[STORED DATA — start]

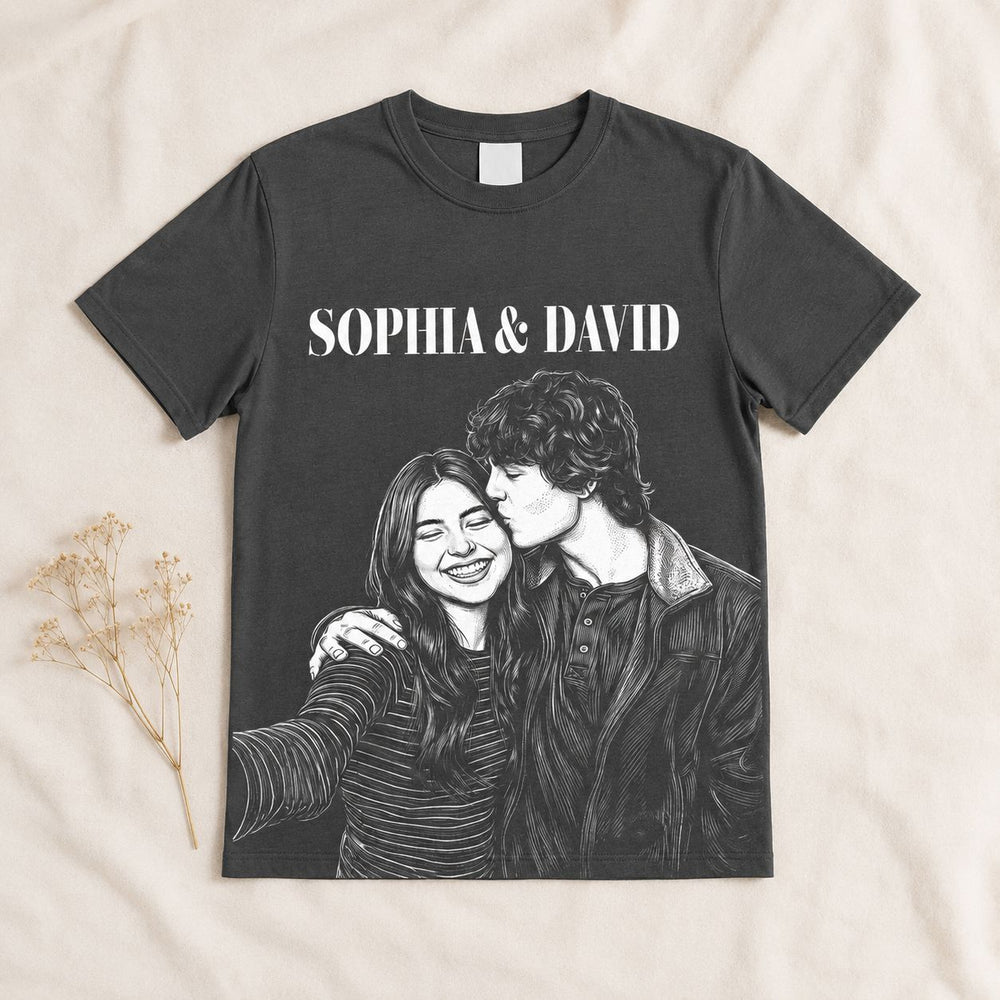 Custom Photo Couple Sketch Line Art - Personalized Shirt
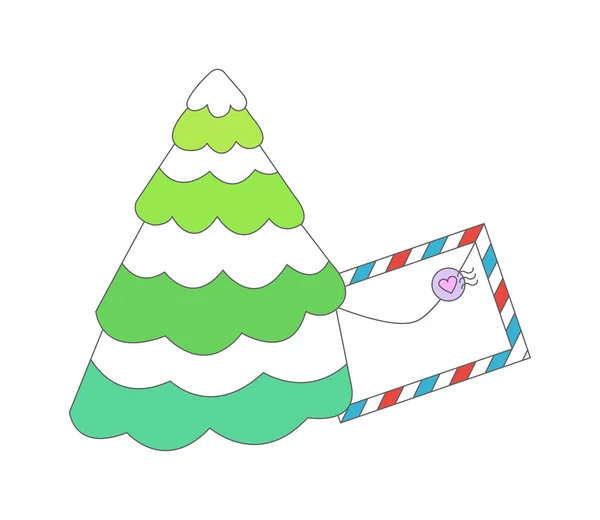 Árvore de Natal com carta — Vetor de Stock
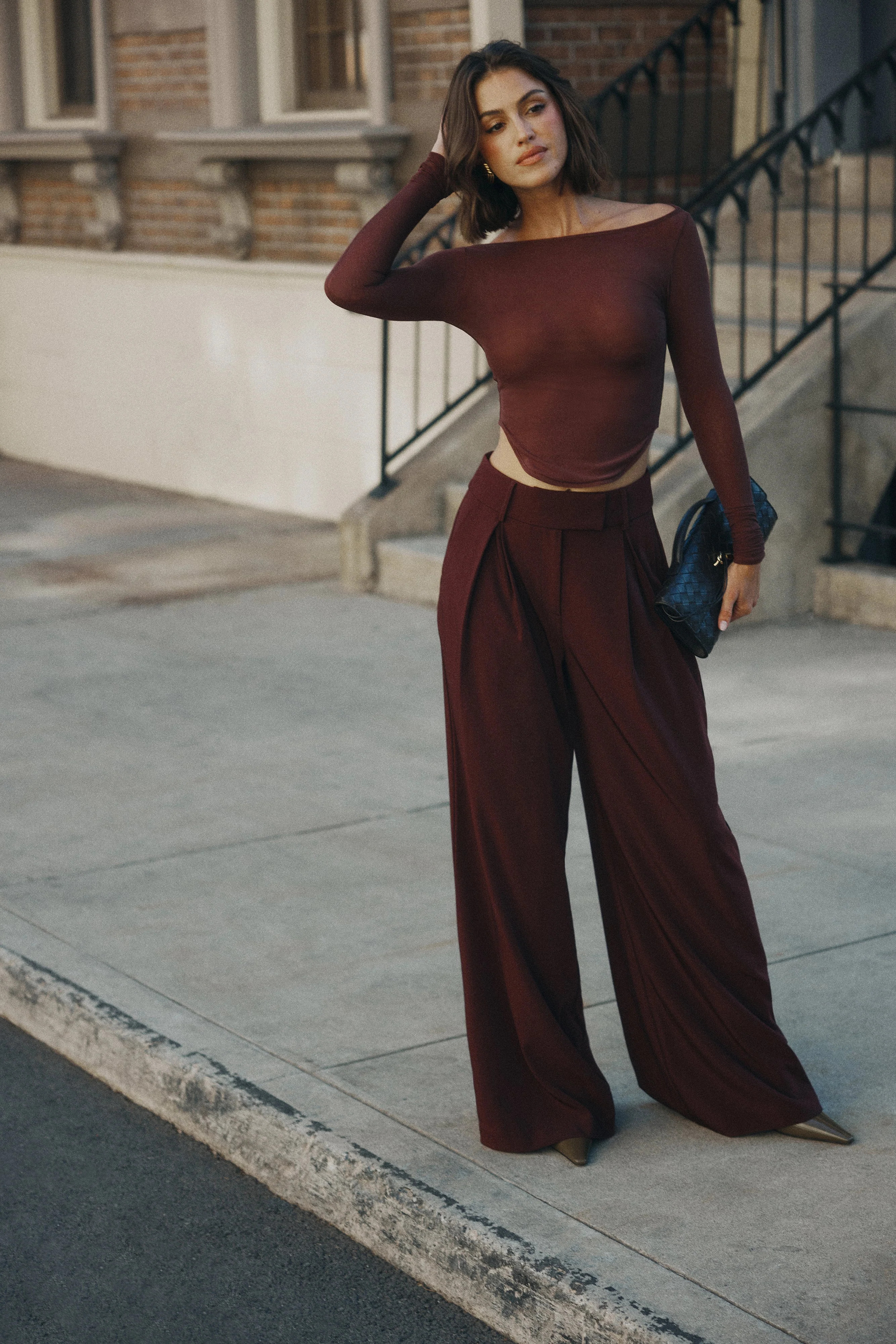 Pleated Wide Leg Pants - Mahogany | MESHKI US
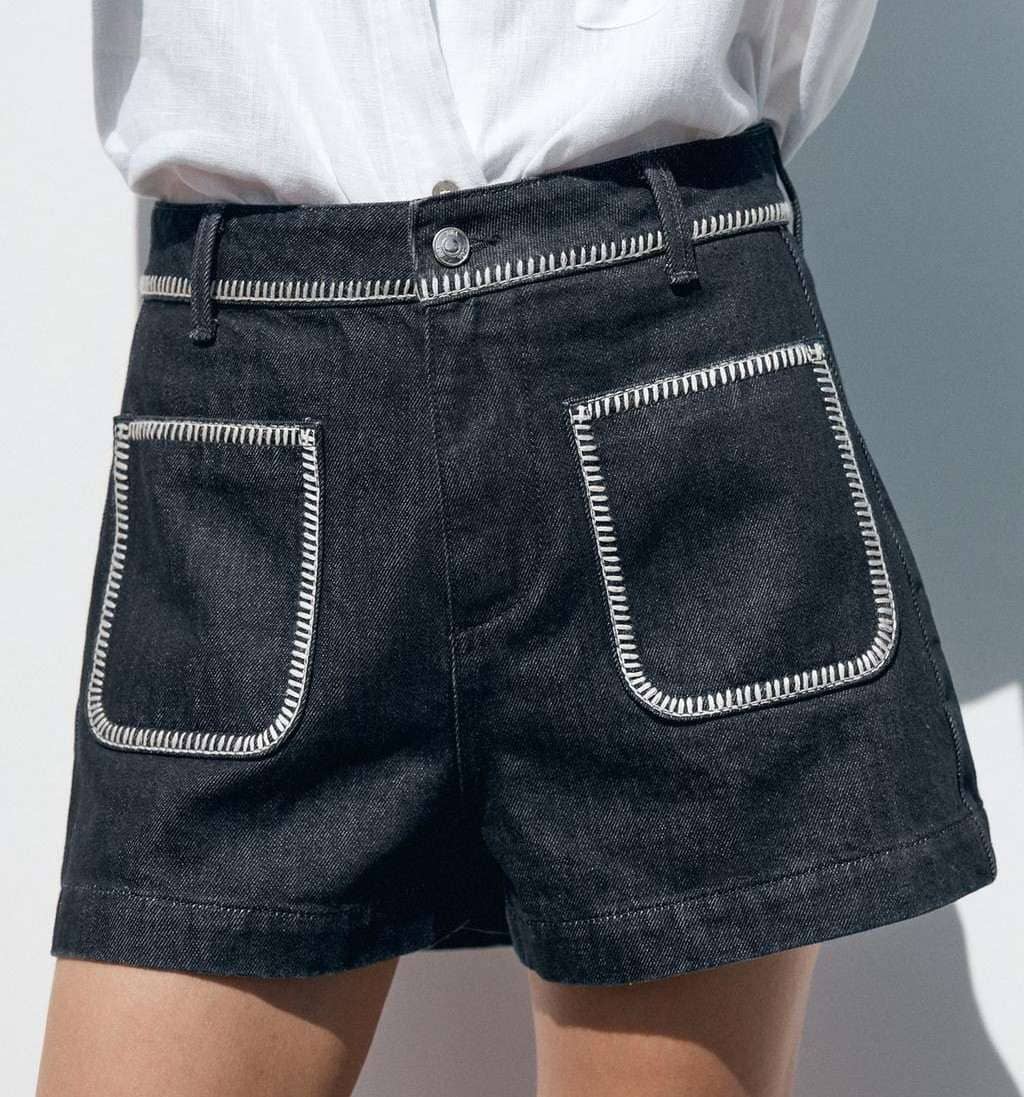 Shorts z1975 denim pespuntes bordados de Zara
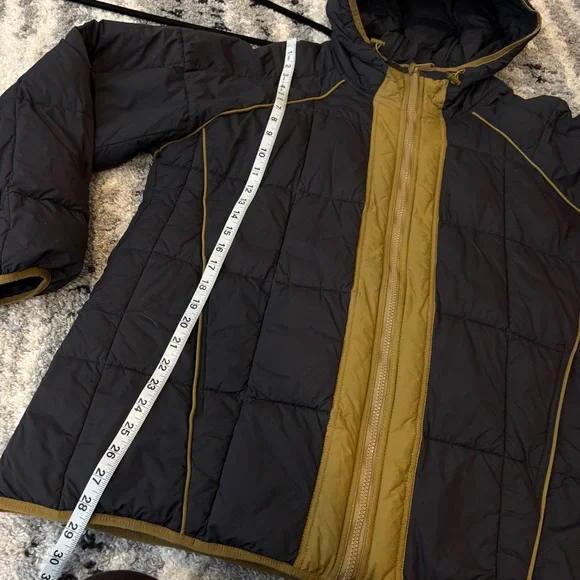 Free People Movement Parker Packable Puffer Coat Dark Navy & Brown Medium Hooded - Picture 11 of 13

[STORED DATA — finish]

Return, exactly and without extra lines, everything from the line with "Árvore de Natal com carta — Vetor de Stock" through the last line of the material above, both included. Pictures must be dropped.

 Árvore de Natal com carta — Vetor de Stock
 Pleated Wide Leg Pants - Mahogany | MESHKI US
 Shorts z1975 denim pespuntes bordados de Zara
 Free People Movement Parker Packable Puffer Coat Dark Navy & Brown Medium Hooded - Picture 11 of 13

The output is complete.